• **What to work on**
Below is a listing to transcribe in full and exactly; keep the pictures out.

• **Source data**
+--

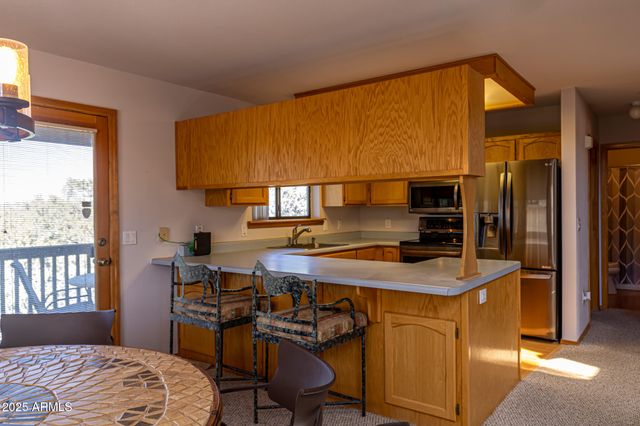 2806 SKYHAWK Drive, Overgaard, AZ 85933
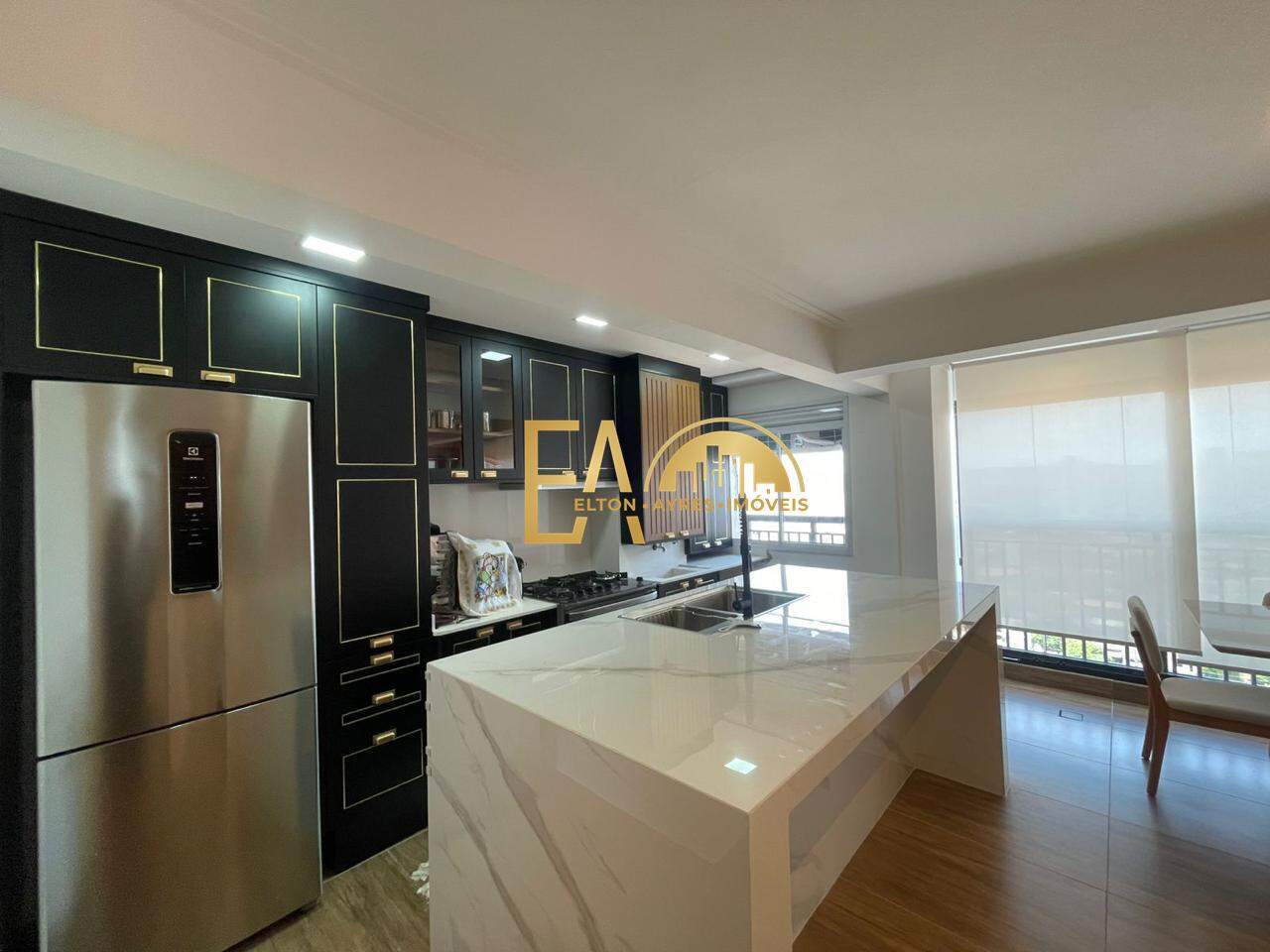 Apartamento à venda no Marapé: 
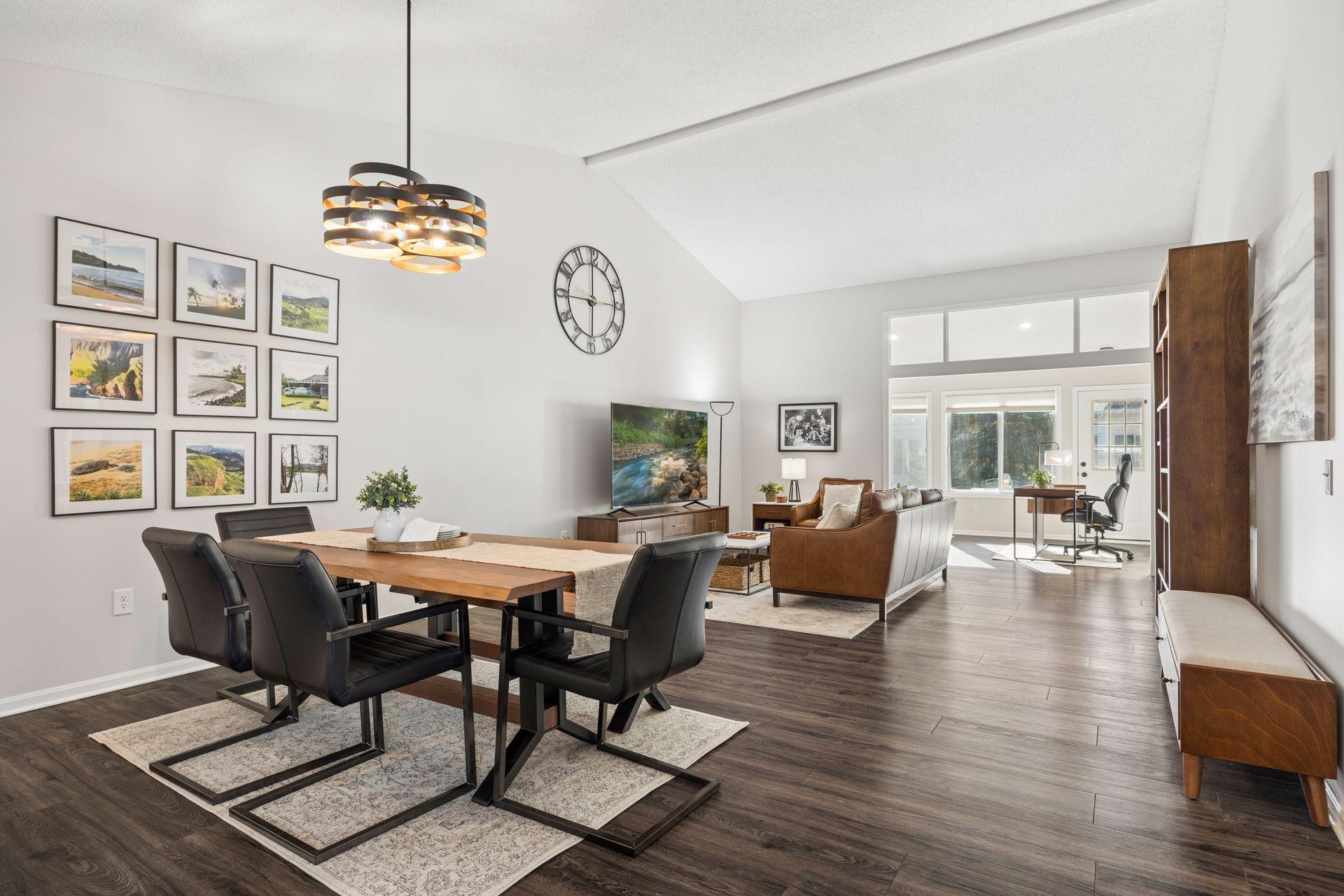 537 Markgrafs Lake Alcove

+--

• **Answer space**
 2806 SKYHAWK Drive, Overgaard, AZ 85933
 Apartamento à venda no Marapé: 
 537 Markgrafs Lake Alcove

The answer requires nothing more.